§ **Your task**
The part to set down runs from the first line of the data below through the line with "Chrysler Voyager 3.6L", inclusive; write it exactly and leave out the pictures.
[Given records Boundary: Start]
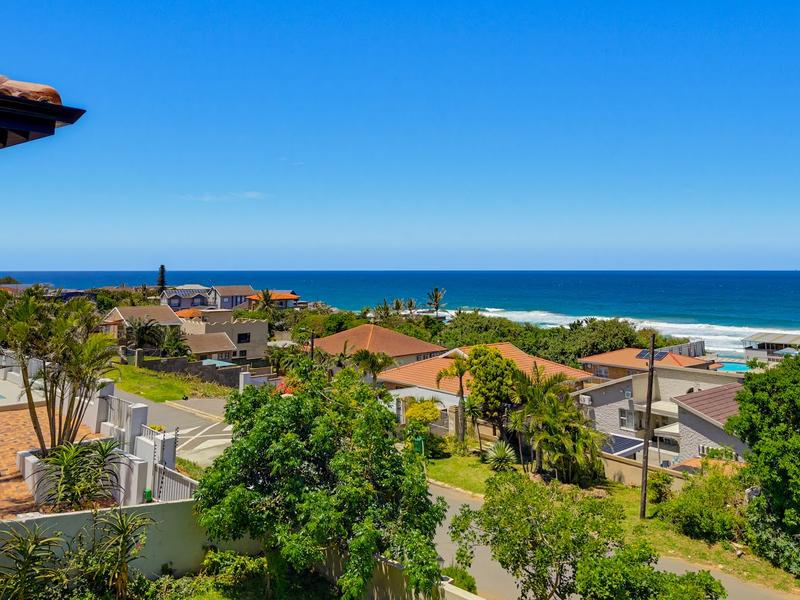 5 Bedroom Property for Sale in Tinley Manor KwaZulu-Natal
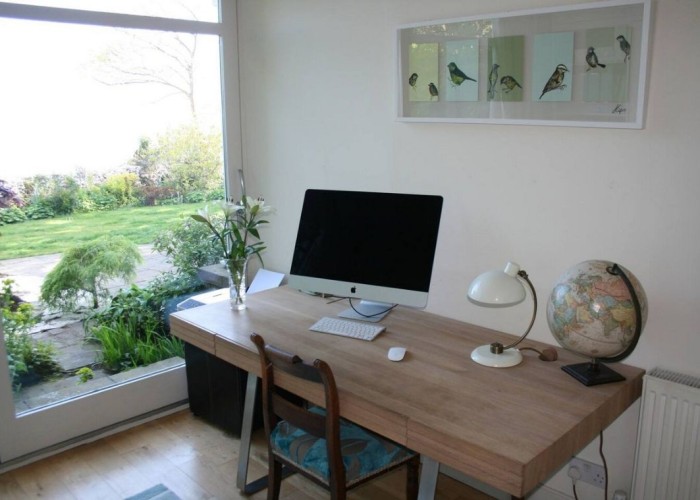4. Home Office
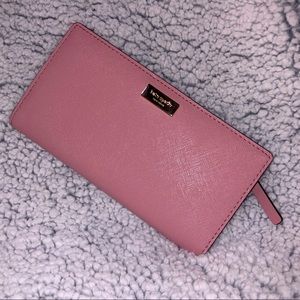 Kate spade ♠️ bifold wallet 🎉♠️🎉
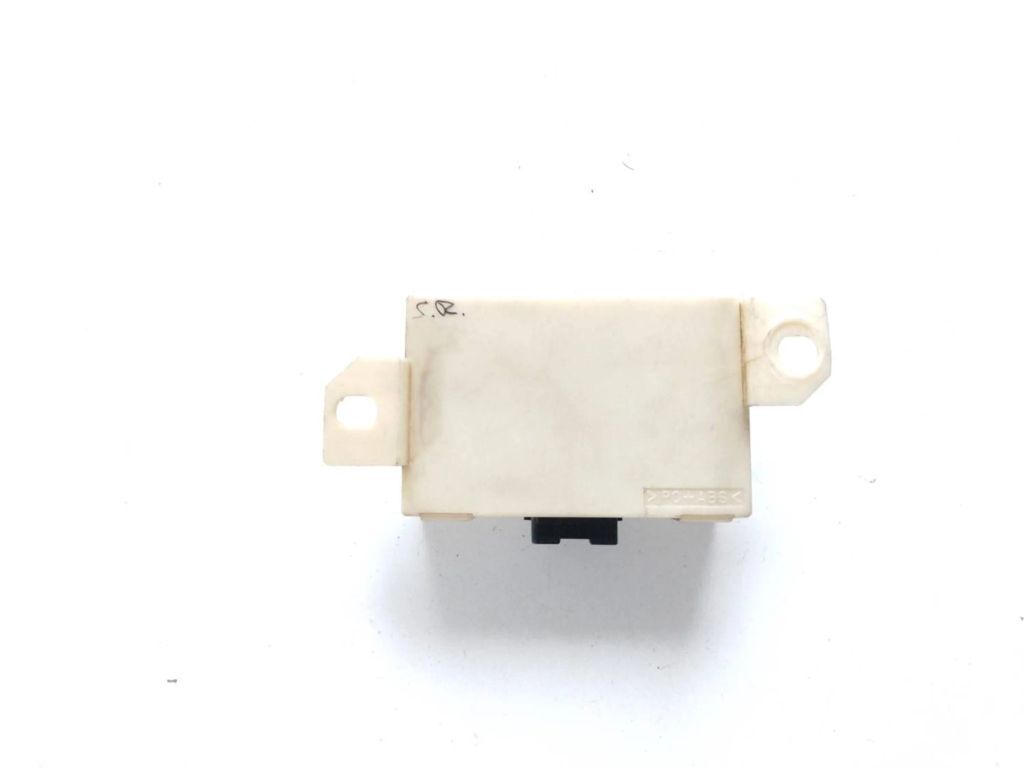Audi A4 S4 B5 8D 1995 Immobilizer control unit module 8D0953234 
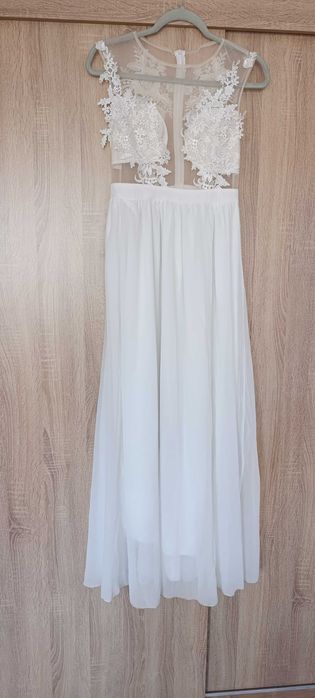 Продавам  красива сватбена рокля! Размер s
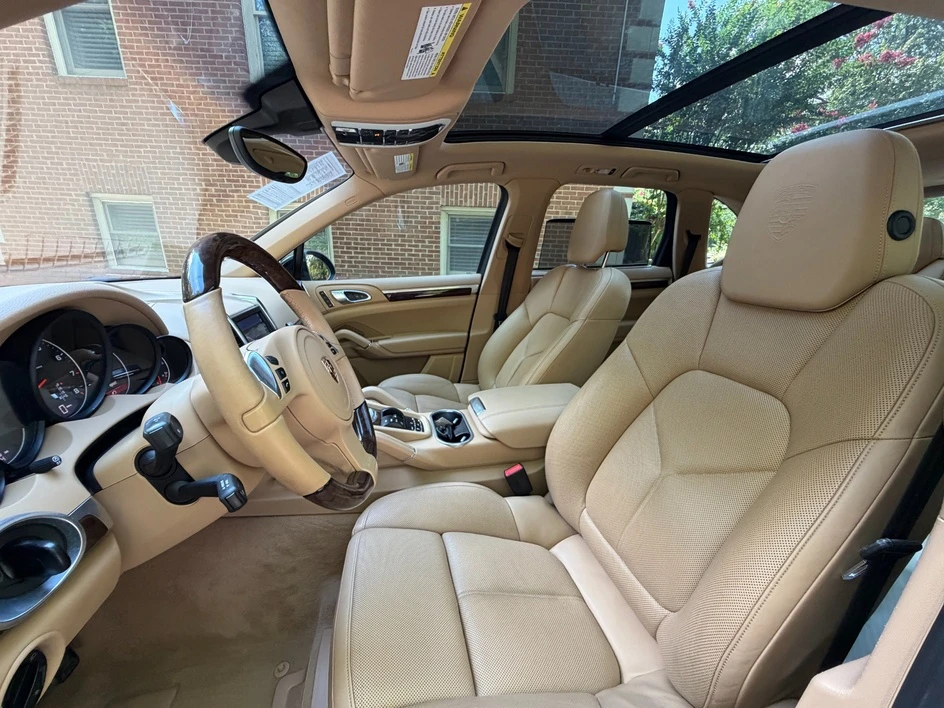 2012 Porsche 958 Cayenne - Image 23 of 31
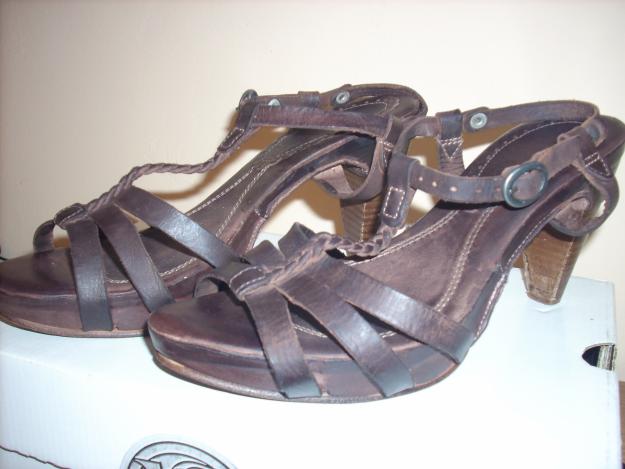 Sandalias Neosens Marrones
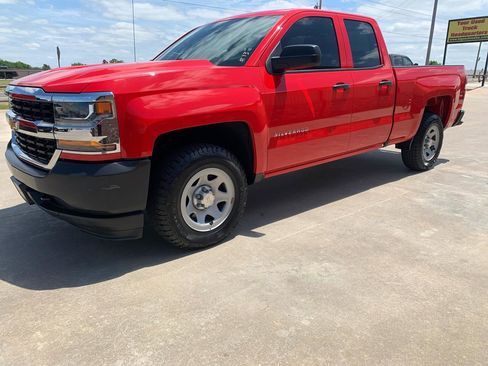 Used 2017 Chevrolet Silverado 1500 W/T AWD/4WD image 3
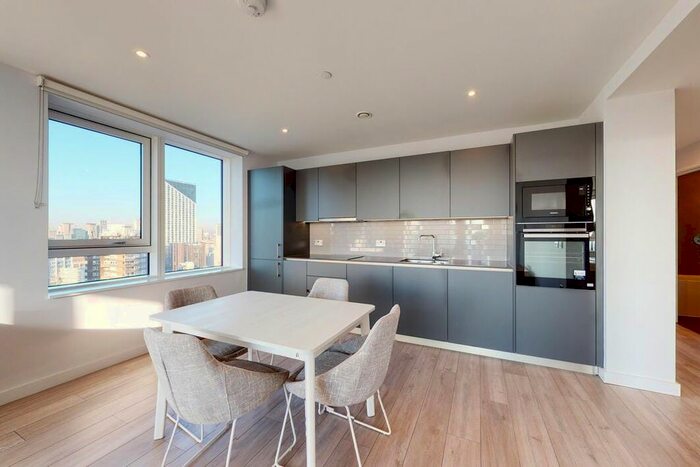 2 Bedroom Flat To Rent In New Lion Way, London, SE17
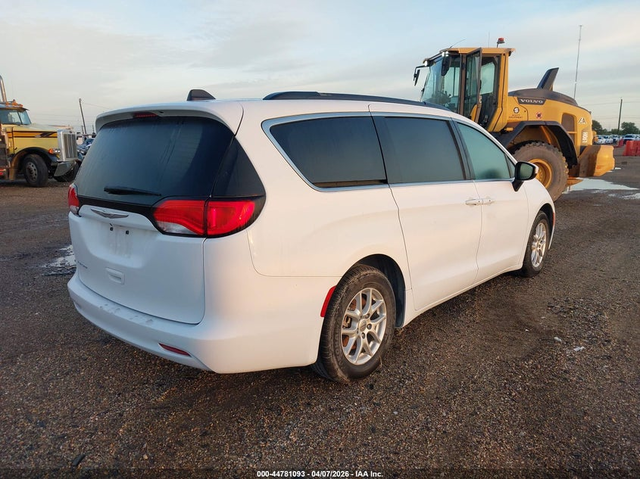 Chrysler Voyager 3.6L V-6 DOHC, VVT, 287HP Front Wheel Drive - автомобили, коли, обяви за нови и употребявани 3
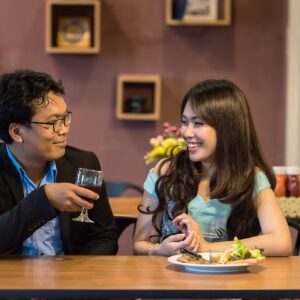 6 Formas Persuasivas de Começar uma Conversa com Qualquer Pessoa – Exemplos e Perguntas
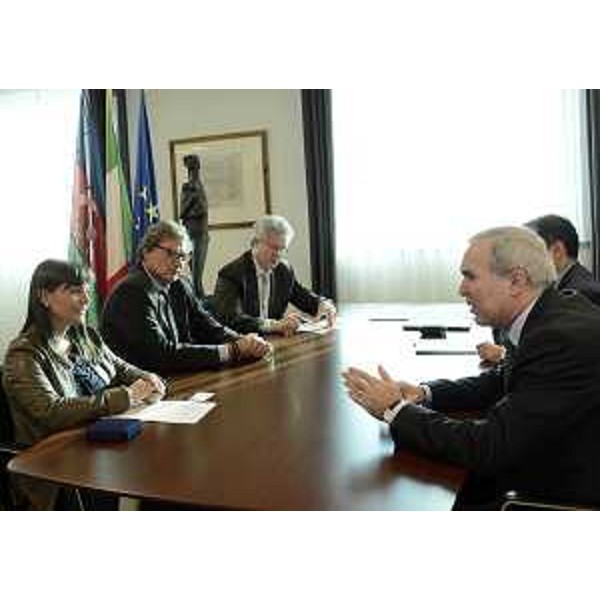 Debora Serracchiani (Presidente Friuli Venezia Giulia) incontra Vaqif Sadiqov (Ambasciatore Repubblica di Azerbaijan in Italia), presenti Giovanni Da Pozzo (Presidente CCIAA Udine) e Daniele Bertuzzi (Segretario generale Presidenza Giunta FVG). (Udine 16/10/13)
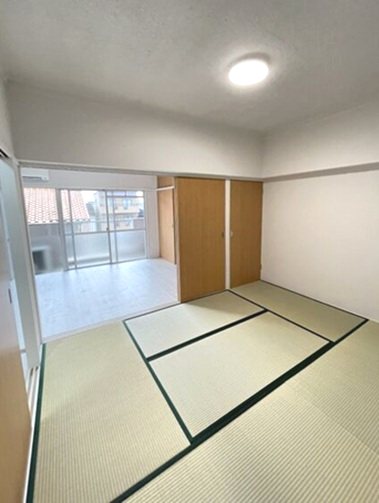 横広ハイツ ベッドルーム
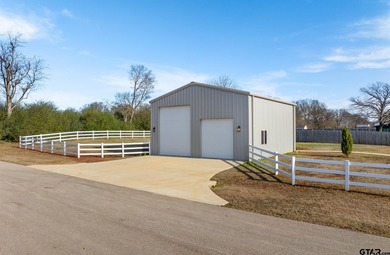 A truly special home! The owners are sad to leave this very on Oak Hurst Golf Course in Texas - for sale on GolfHomes.com, golf home, golf lot
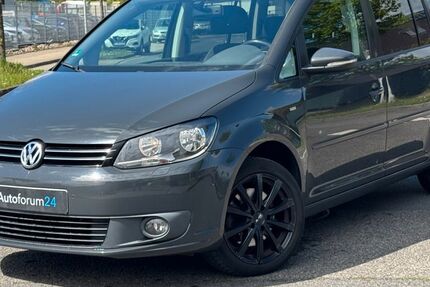 VW Touran 200.000 km 8.499 &euro; Jülich 52428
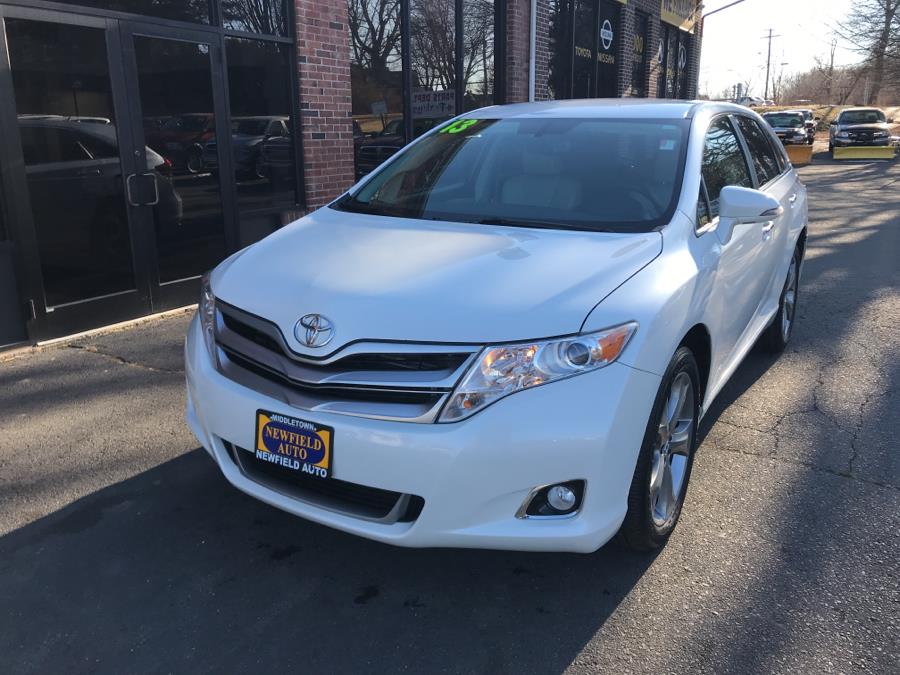 2013 Toyota Venza 4dr Wgn V6 FWD XLE (Natl), available for sale in Middletown, Connecticut | Newfield Auto Sales. Middletown, Connecticut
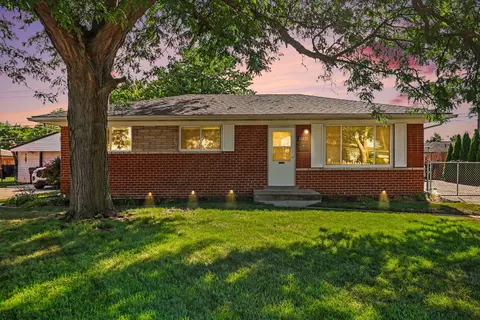 33826 Brookshire Dr, Sterling Heights, MI 48312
[Given records Boundary: End]
§ **Solved exercise**
 5 Bedroom Property for Sale in Tinley Manor KwaZulu-Natal
4. Home Office
 Kate spade ♠️ bifold wallet 🎉♠️🎉
Audi A4 S4 B5 8D 1995 Immobilizer control unit module 8D0953234 
 Продавам  красива сватбена рокля! Размер s
 2012 Porsche 958 Cayenne - Image 23 of 31
 Sandalias Neosens Marrones
 Used 2017 Chevrolet Silverado 1500 W/T AWD/4WD image 3
 2 Bedroom Flat To Rent In New Lion Way, London, SE17
 Chrysler Voyager 3.6L V-6 DOHC, VVT, 287HP Front Wheel Drive - автомобили, коли, обяви за нови и употребявани 3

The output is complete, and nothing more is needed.